I feel bereft, but I'm not sure precisely why.
I find myself standing in the centre of the room — the lounge room, the bedroom, the bathroom; my cubicle at work — and casting about me. As if, whatever it is I've lost, I must have dropped it somewhere nearby. But there's only the usual detritus of a time-poor monkey: a broken thread from a random sleeve; a hairband; two south korean coins, each worth one hundred won; the carcass of a clicky pen, done to death by too many commutes. There are notes to myself, on post-it notes and on torn scraps of paper; CDs pulled from their shelves; and a bemusing range of highlighters, including various shades of pink (or is one supposed to be purple?).
None of this looks like equanimity.
But what does equanimity look like? Maybe it's there, and I simply don't know to recognise it. I could ask Mr Balloons — I spotted him the other day, hanging over the edge of his balcony in his familiar glitter-eyed slump, smoking something sweet-smelling and chatting with great verve to, um, nobody visible. But his particular brand of calm is a little too brittle for my taste.
No, the equanimity I want is rooted in confidence, and is a far more robust thing. Not necessarily brawny, but at least resilient. A whippet might have the right form, all sleek and full of coiled power, but it has a gaze and gait too cautious, too unsettled. A snake, then, all elongate and elastic.

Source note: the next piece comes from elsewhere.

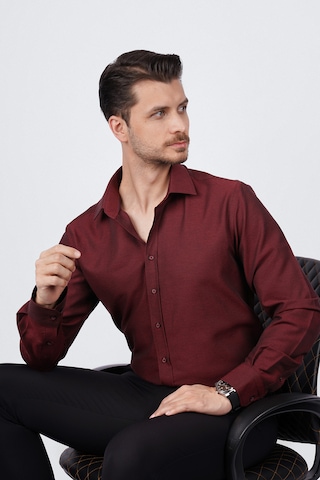 Kraliyet Bordo Slimfit Erkek Gömlek Bordo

Wait. I know what equanimity rooted in confidence looks like. Or what it used to look like, when last I saw it.
It's small, too young to be made ugly by the fur-ification of adulthood, and black, and it has fangs that can pierce a human toenail. Should it sense your presence, it will turn to face you, and rear up to present those fangs and — despite the alarming disparity in size between you, the time-poor monkey, and it — it will charge. Because you and it both know one irrefutable fact: its venom puts it above you on the food chain.
It's a baby funnel web spider.
And it's not native to my flat, or my cubicle at work, or any of my new haunts.
No wonder I haven't been able to find it.
This is new territory. Everything has a new shape now. Even me. Especially me.